Problem
In the entries below, find the line containing "La biblia con" and the line containing "The Spinifex table". Copy those two lines and everything between them exactly, without the pictures.

++++ Supplied data

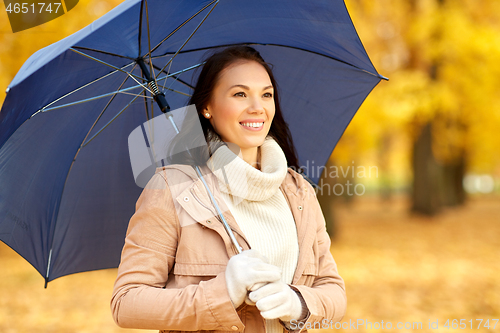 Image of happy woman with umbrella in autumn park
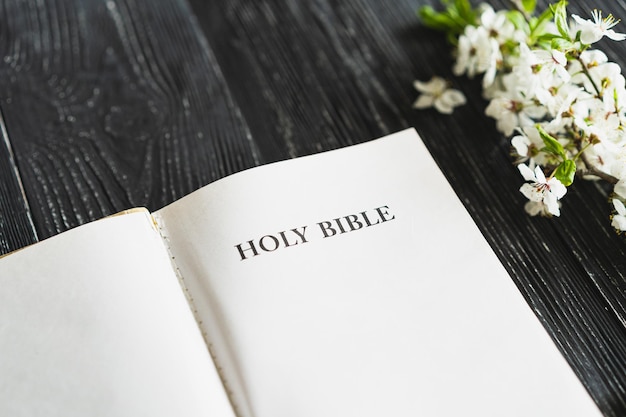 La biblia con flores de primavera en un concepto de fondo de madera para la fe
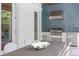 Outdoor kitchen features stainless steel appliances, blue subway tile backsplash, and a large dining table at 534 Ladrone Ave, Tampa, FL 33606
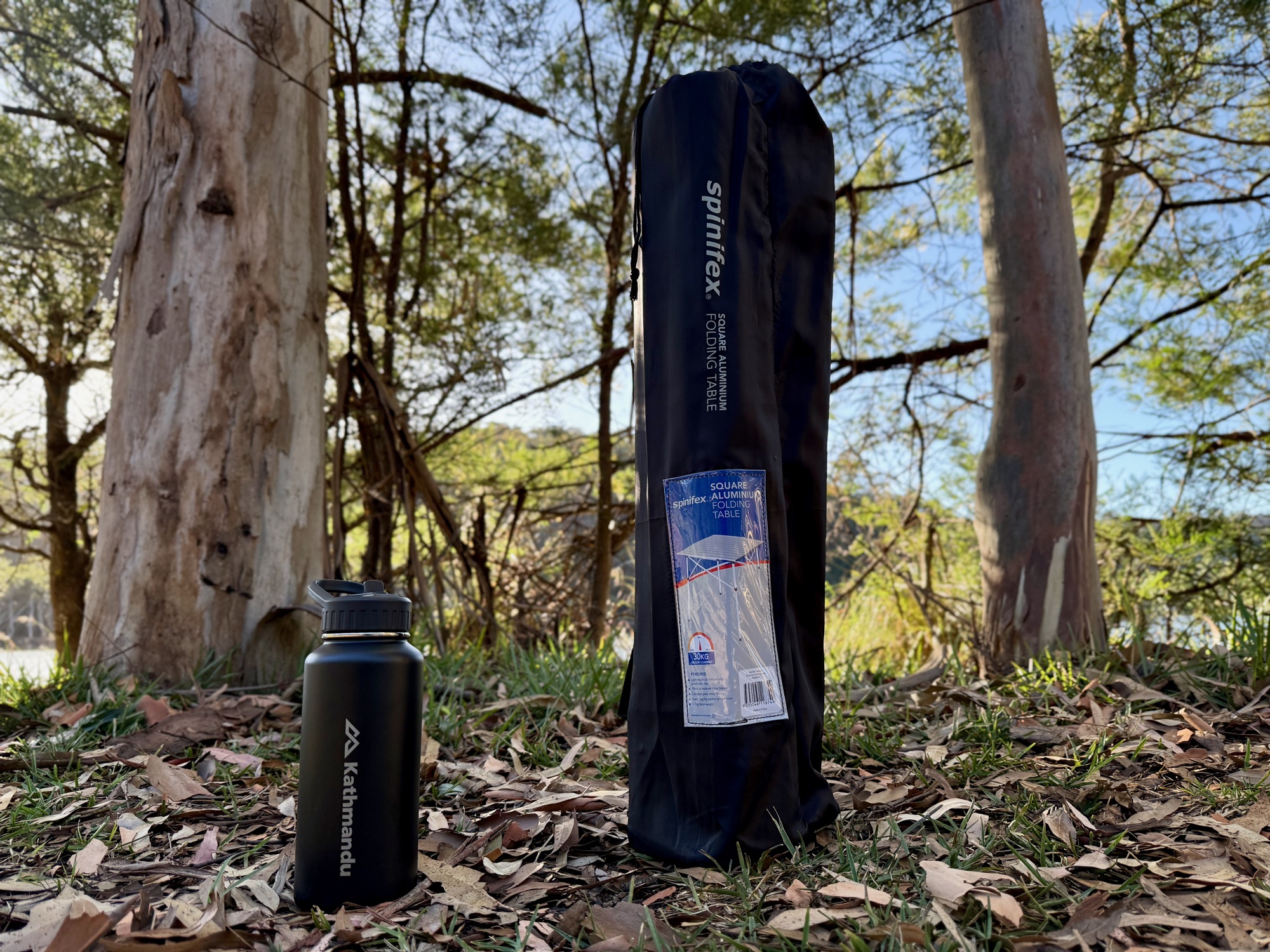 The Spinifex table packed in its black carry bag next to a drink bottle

++++++++
++++ Supplied data

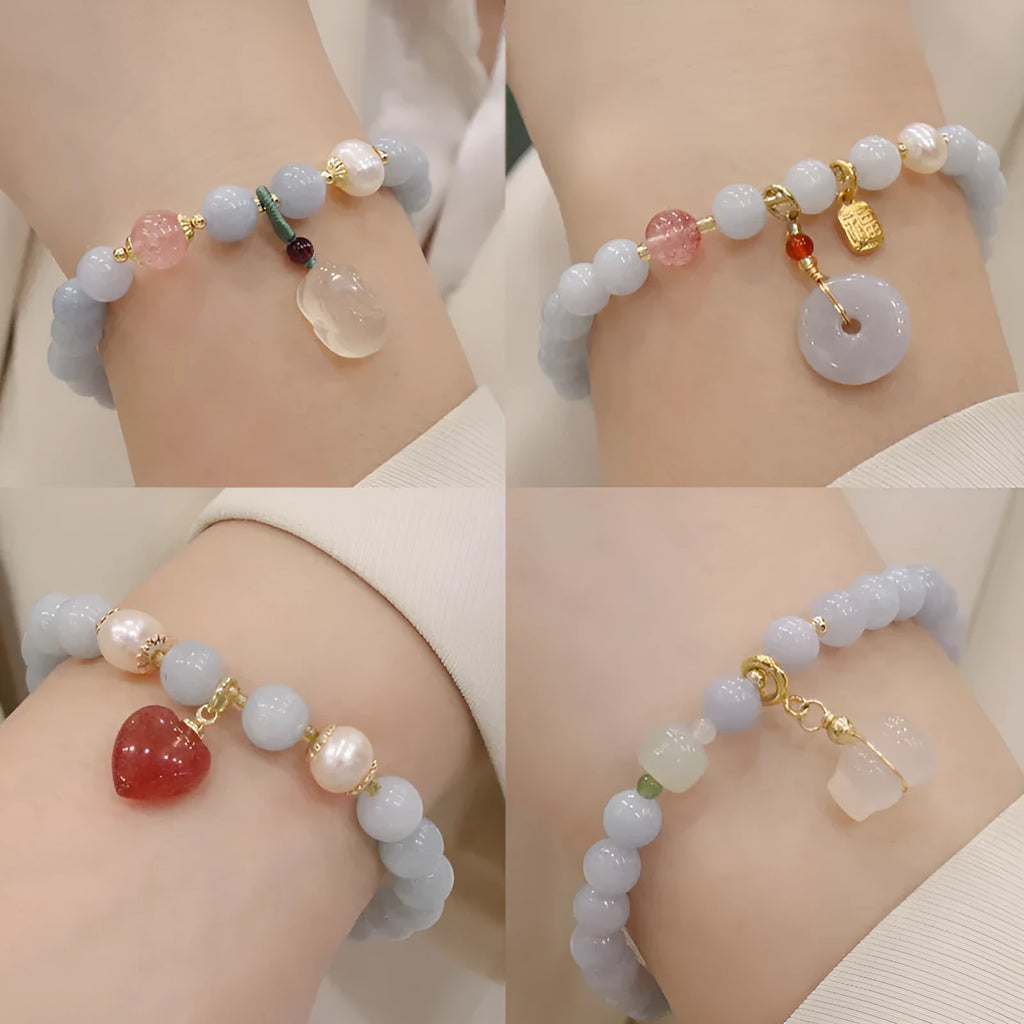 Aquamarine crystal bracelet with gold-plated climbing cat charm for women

++++++++
++++ Supplied data

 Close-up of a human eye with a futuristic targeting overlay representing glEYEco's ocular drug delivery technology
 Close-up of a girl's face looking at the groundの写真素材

++++++++

Answer section
 La biblia con flores de primavera en un concepto de fondo de madera para la fe
 Outdoor kitchen features stainless steel appliances, blue subway tile backsplash, and a large dining table at 534 Ladrone Ave, Tampa, FL 33606
 The Spinifex table packed in its black carry bag next to a drink bottle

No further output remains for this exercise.